Wien - Industrielle und Interessensverbände der heimischen Wirtschaftsszene beginnen sich nach der heutigen Nationalratswahl geistig auf eine große Koalition einzustellen. Der wenig begeisterte, pragmatisch-nüchterne Tenor der Stellungnahmen am Wahlabend: Andere politische Konstellationen gehen sich kaum oder überhaupt nicht aus - und Aufgaben für eine starke Regierung mit einer breiten Mehrheit im Parlament gibt es genug.

Enttäuschung über das Wahlergebnis schwingt in der ersten Stellungnahme der Industriellenvereinigung (IV) mit: Der Wirtschaftsstandort Österreich habe sich in den vergangenen Jahren positiv entwickelt, das habe aber keinen Niederschlag im Wahlergebnis gefunden. Das sei "standortpolitisch schon ein bisschen alarmierend", meinte IV-Generalsekretär Markus Beyrer.

Beyrer ließ durchblicken, dass sich - wie in Deutschland - kaum eine andere Konstellation als eine große Koalition ausgehen dürfte. Die Parteien müssten nun den Wahlkampf hinter sich lassen und einen "neuen Zugang und Ton finden". Eine allfällige große Koalition müsse aber auch Großes leisten, meinte Beyrer sinngemäß.

"Eine Dreierkoalition schwarz-blau-orange oder rot-grün-orange - wenn das überhaupt theoretisch möglich ist - wäre viel zu schwach, um die anstehenden Aufgaben zu bewältigen", sagte der Industrielle Hannes Androsch in einer ersten Reaktion. Der Souverän - der Wähler - sei eben "viel klüger als die wahlkämpfenden Parteien und die Meinungsforscher", sagte Androsch zum Wahlausgang.

Die nächste Regierung stehe vor großen Herausforderungen wie die Bundesstaatsreform, die "Überwindung der Fragmentierung der Elektrizitätswirtschaft" und die "Beseitigung der Zersplitterung im Sozialversicherungsbereich". Ein zentrales wirtschaftspolitisches Themen sei die Bildung; das Land brauche außerdem eine "antizyklische, wachstumsorientierte Politik".
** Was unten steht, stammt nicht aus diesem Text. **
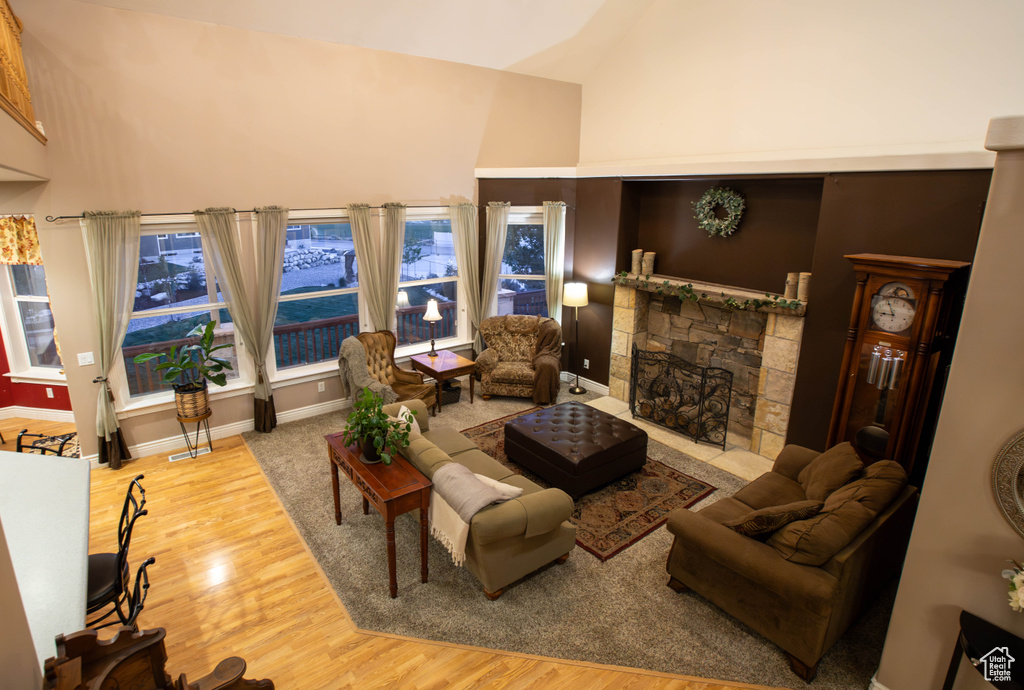 Living area with wood finished floors, a fireplace, and high vaulted ceiling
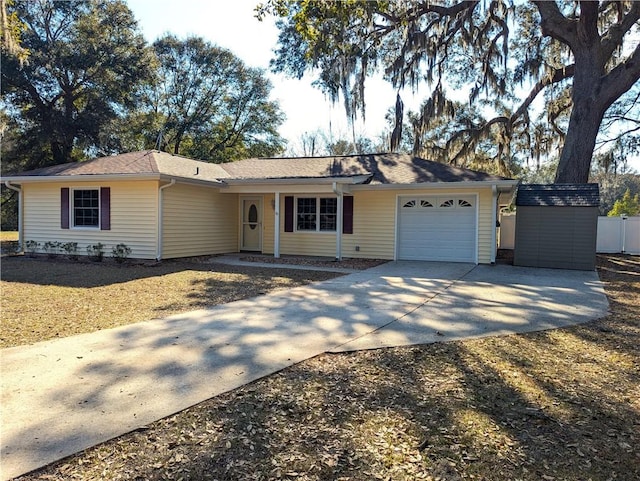 ranch-style home featuring a garage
Eine "Große Koalition" von SPÖ und ÖVP wäre aus Sicht des Linzer Volkswirtschaftsprofessors Friedrich Schneider "sicher die beste Regierungsform für die Wettbewerbsfähigkeit Österreichs". Die beiden Großparteien müssten in Sachfragen freilich "erst noch zueinander finden", doch könnte hier eine wiederbelebte Sozialpartnerschaft den Zusammenhalt ermöglichen, meinte Schneider am Sonntagabend zur APA.

Die SPÖ könne nun den Kanzler stellen in einer großen Koalition - eine Regierungsform, die er, Schneider, aber eigentlich nicht für gut halte, "denn die hat uns in den 90er Jahren viel Lähmung gebracht". Ein SP-VP-Kabinett wäre zwar "nicht reformfreudig", doch unter den gegebenen Umständen noch immer "vernünftiger". Eine VP-geführte Regierung mit FPÖ und BZÖ ist für den Linzer Uni-Professor "nicht denkbar", auch nicht eine Kombination VP-F-Grüne.

In der Bildungs- und Schulpolitik liege es an der künftigen Bundesregierung, den Reformstau zu beseitigen, sagte Schneider. Er hofft, dass die Studiengebühren beibehalten werden. In Fragen wie steuerliche Entlastung, De-Regulierung und Privatisierung werde es eine große Koalition "schwer haben", da die Konzepte von SPÖ und ÖVP inhaltlich sehr weit auseinander lägen.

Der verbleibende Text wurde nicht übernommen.